A partir de experiências concretas e da escuta de muitos educadores, o livro explora os espaços que a literatura pode ocupar no cotidiano escolar, o tempo que requer e as conversas que suscita entre crianças, professores e livros — diálogos que se colocam no centro da formação de leitores, pois ampliam sentidos e favorecem aprendizagens literárias.
Tomando como referência a sala de aula e as práticas institucionais de leitura, amplia-se o olhar para refletir sobre a responsabilidade coletiva de constituir comunidades leitoras na escola, condição fundamental para a formação de uma sociedade leitora.
Uma contribuição voltada a professores, bibliotecários, coordenadores e a todos os que se dedicam a fortalecer a presença da literatura na escola.

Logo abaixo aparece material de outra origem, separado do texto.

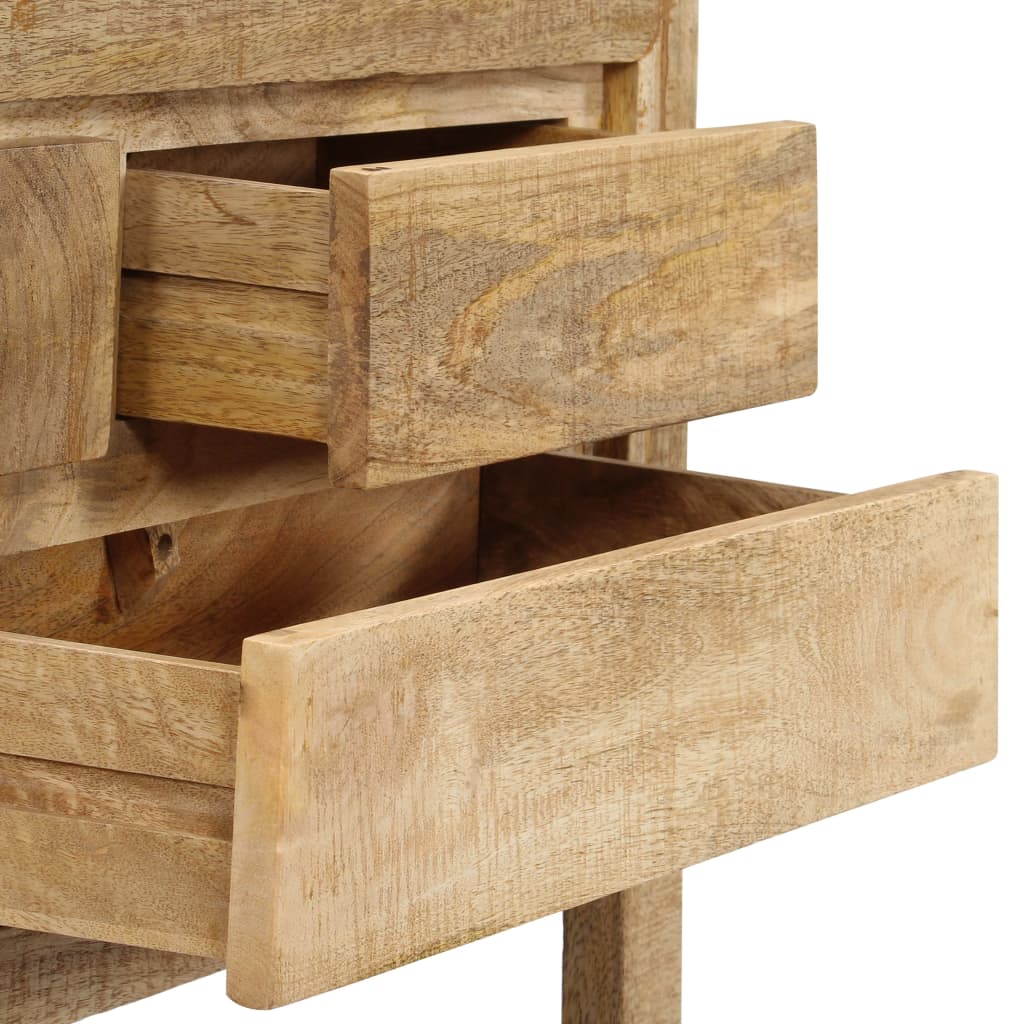 Buffet 120x30x75 cm bois de manguier massif - XIOS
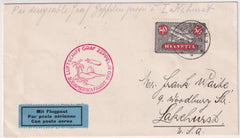 Switzerland 1930 South America Flight to Lakehurst Cover
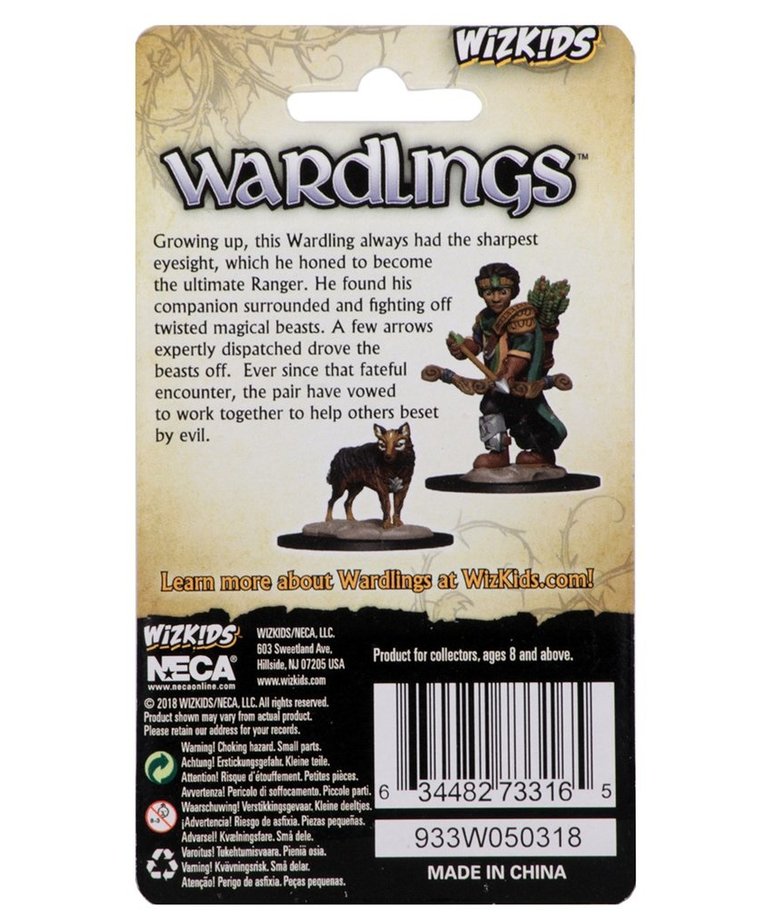 WizKids - WZK Wizkids: Wardlings - Boy Ranger & Wolf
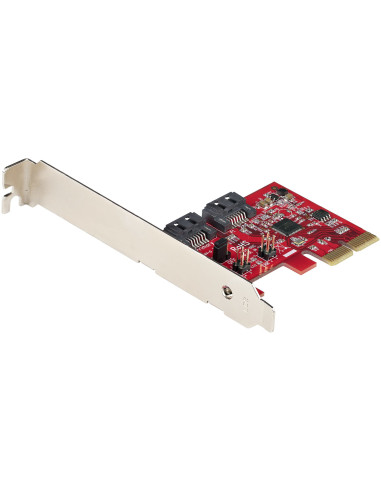 StarTech.com Scheda PCIe SATA - Scheda di Espansione PCIe SATA 2 Porte 6Gbps - Profilo Alto Basso - Controller RAID SATA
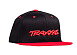 Snap Hat Flat Bill Black/Red Traxxas Logo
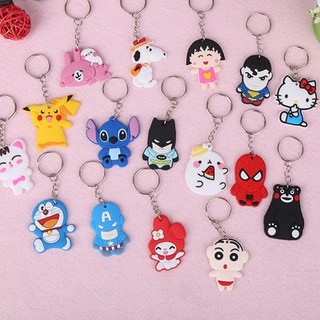 (Rẻ Vô Địch) Combo 5 Móc Khóa Silicon Hình Thú Chibi  Đáng Yêu- Giao Ngẩu Nhiên Hình
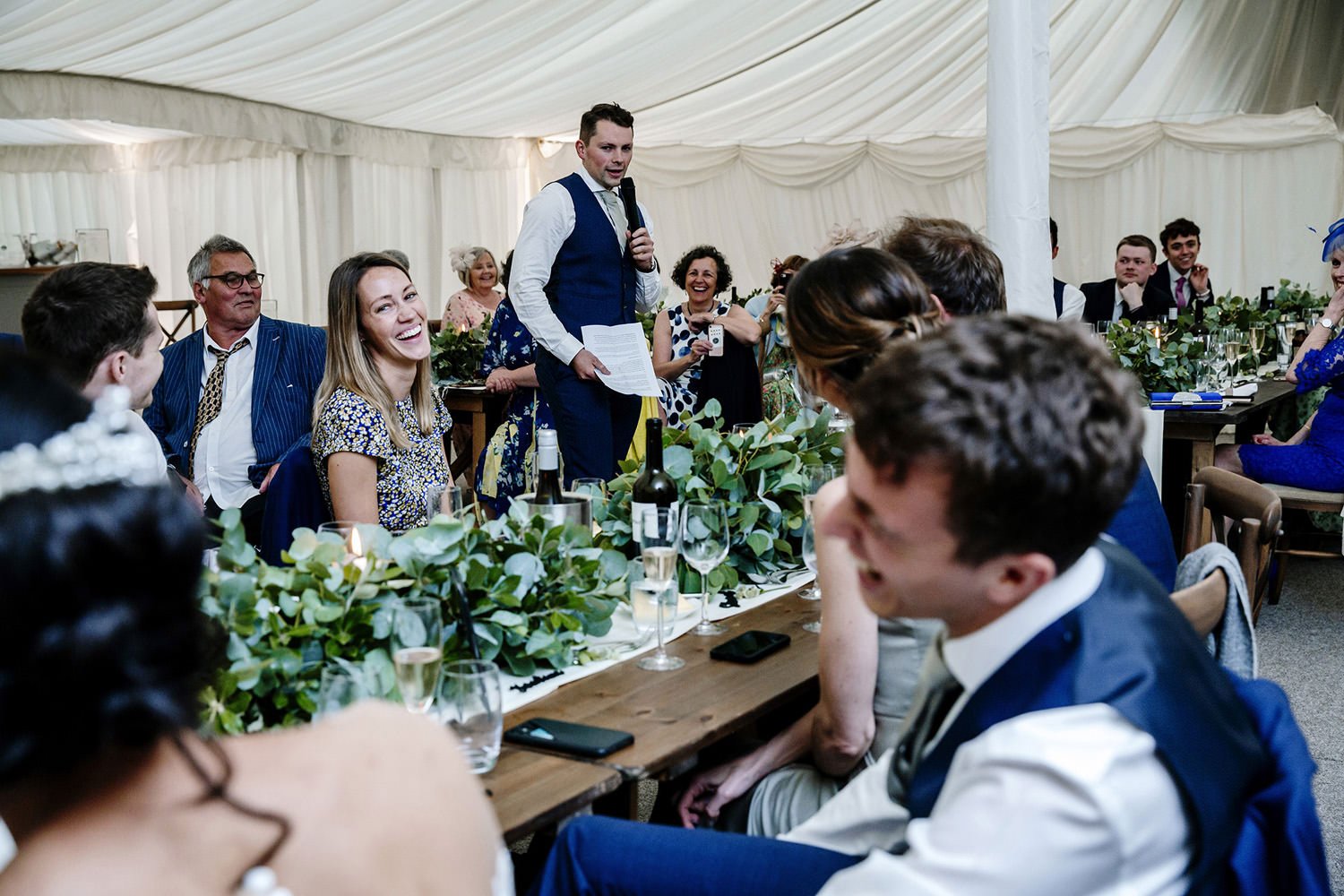 Best man embarrassing groom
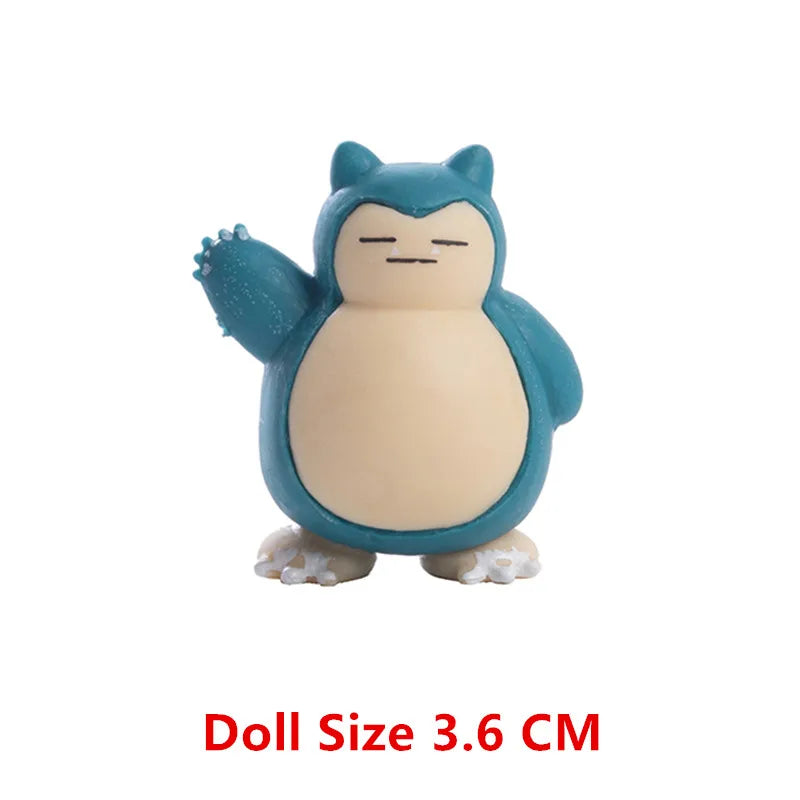 3-7 Cm PokemonCartoons Anime Figure Pikachu Mew Snorlax Charmander Cosplay Collection Pet Pocket Monster Action Model Toy Gifts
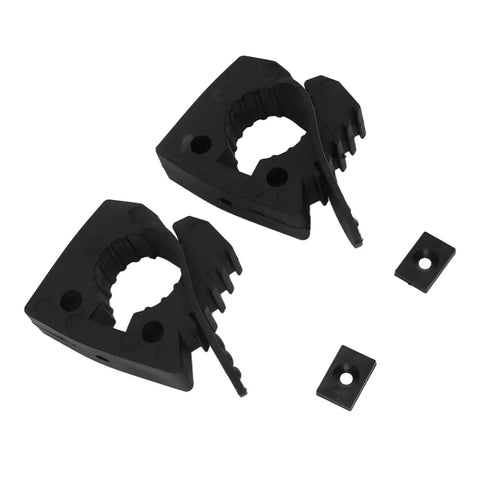 Pack of 2 Heavy Duty Rubber Shovel Holder Mounts With Quick Release Clamp for Garage Shop Truck Bed Outdoor Gear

A obra é o Volume 2 da Coleção Chão de Escola.
Sobre as autoras
Ana Carolina Carvalho é mestre em educação pela Unicamp e psicóloga pela USP. Foi professora de educação infantil e trabalha há cerca de 25 anos com formação de educadores, sobretudo na rede pública, junto a organizações do terceiro setor. É formadora do Instituto Avisa Lá, editora assistente e assessora pedagógica na Editora Peirópolis e integra o Instituto Emilia. É autora de artigos e publicações sobre formação de leitores na escola e de títulos de literatura para crianças e jovens.
Josca Ailine Baroukh é mestre e graduada pela USP, com especialização em Educação Infantil e Ensino Fundamental com Madalena Freire. Atua na Escola Vera Cruz, na editora Binah e na formação de professores e gestores desde 1999, em redes públicas, privadas e ONGs. Foi professora de Educação Infantil e Ensino Fundamental, atuou no Ensino Superior e coordenou projetos em instituições como Instituto Singularidades, A Casa Tombada, Instituto Tomie Ohtake e Fundação Bienal. É autora de diversos livros para crianças, além de obras sobre leitura e educação, em parceria com outros educadores.